Required work:
If a record holds a picture, leave the picture out and repeat everything else exactly.

#####

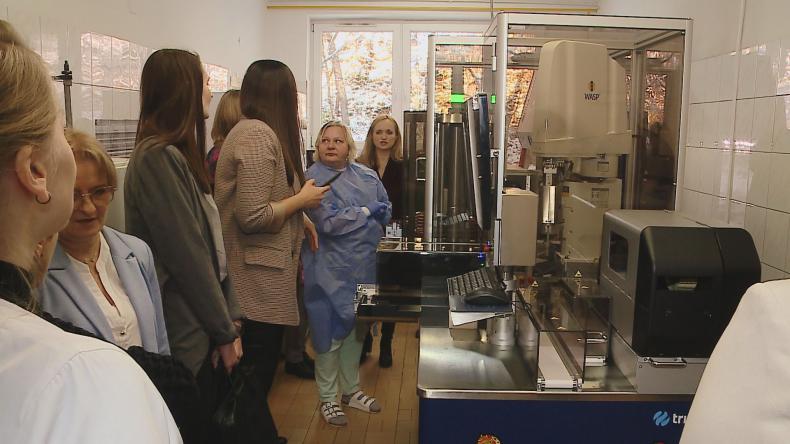 Kolejny sprzęt od WOŚP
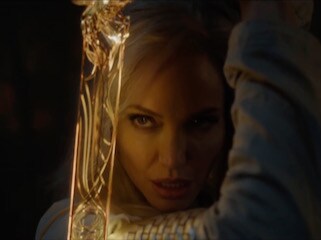 First Look at Marvel's Eternals, Releasing in India Before the US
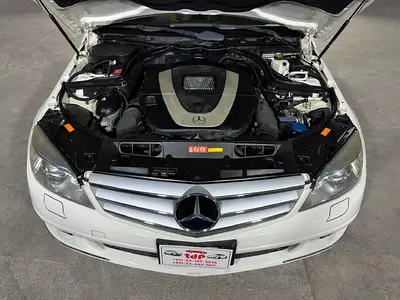 2010 Mercedes-BENZ C-CLASS — миниатюра 10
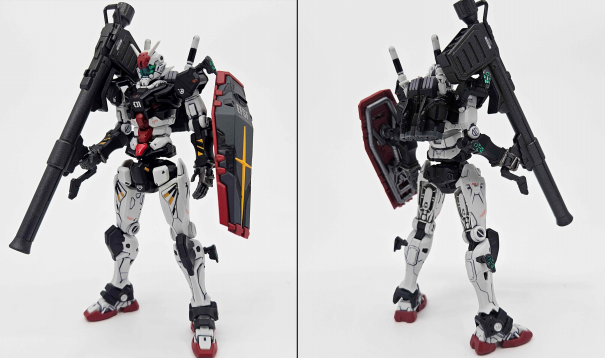 HG 01ガンダム | 青けりゃだいたい好き
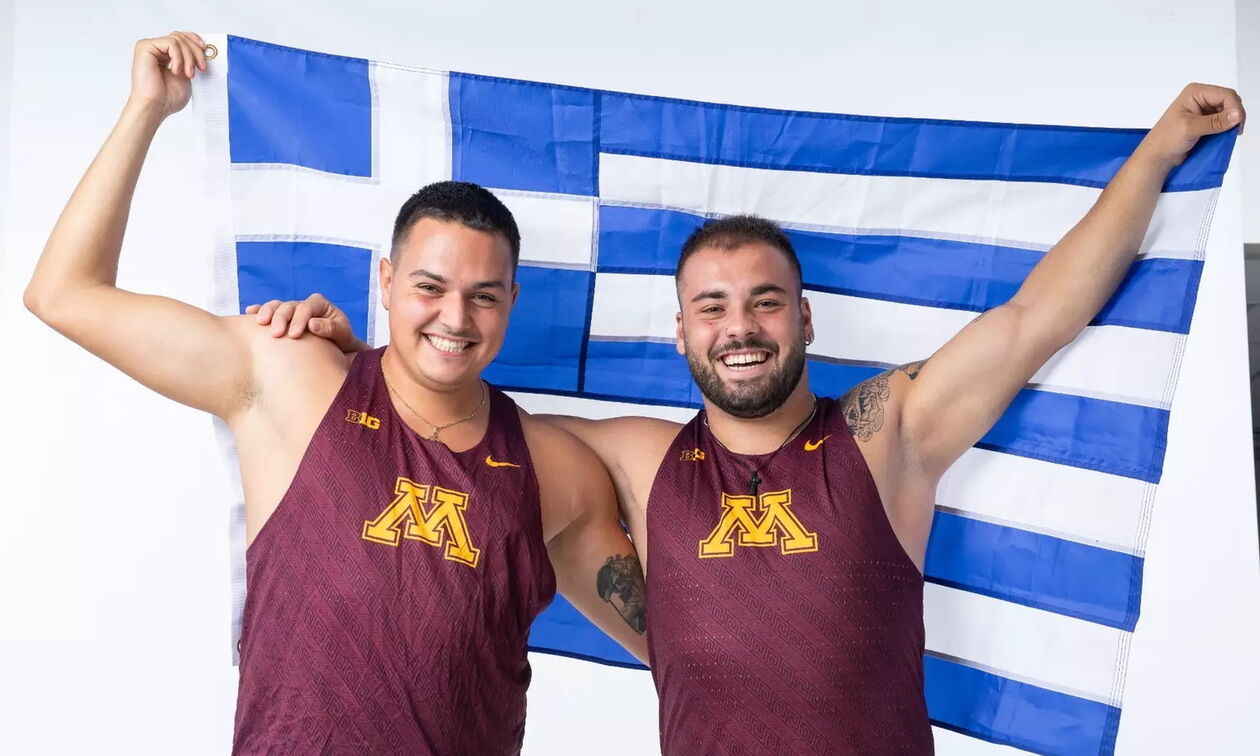 Ο Ζάλτος την πρωτιά στο “Big 10”, δεύτερος ο Μαντζουράνης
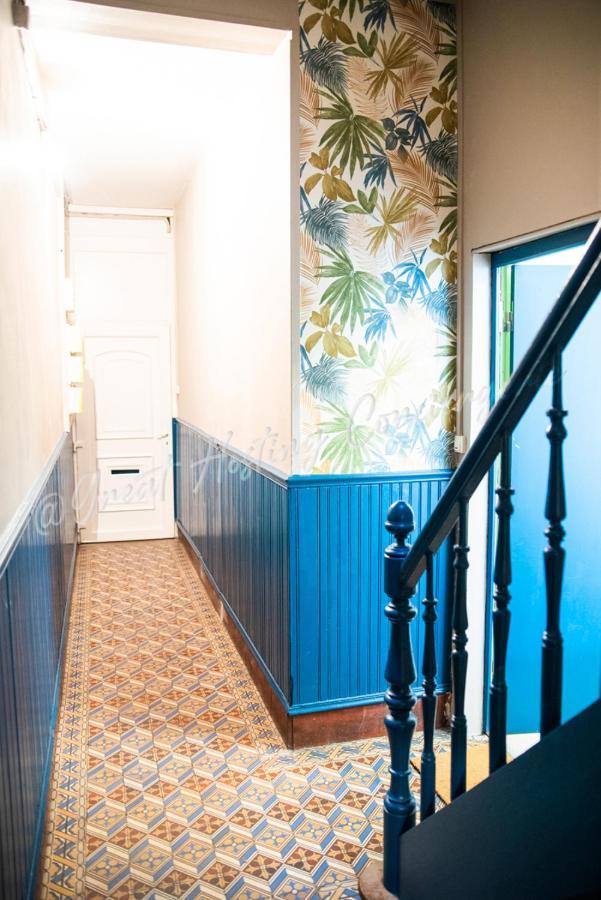 La Maison De Leon Apartments - Studio Dunkirk Bagian luar foto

#####

Solution below:
 Kolejny sprzęt od WOŚP
 First Look at Marvel's Eternals, Releasing in India Before the US
 2010 Mercedes-BENZ C-CLASS — миниатюра 10
 HG 01ガンダム | 青けりゃだいたい好き
 Ο Ζάλτος την πρωτιά στο “Big 10”, δεύτερος ο Μαντζουράνης
 La Maison De Leon Apartments - Studio Dunkirk Bagian luar foto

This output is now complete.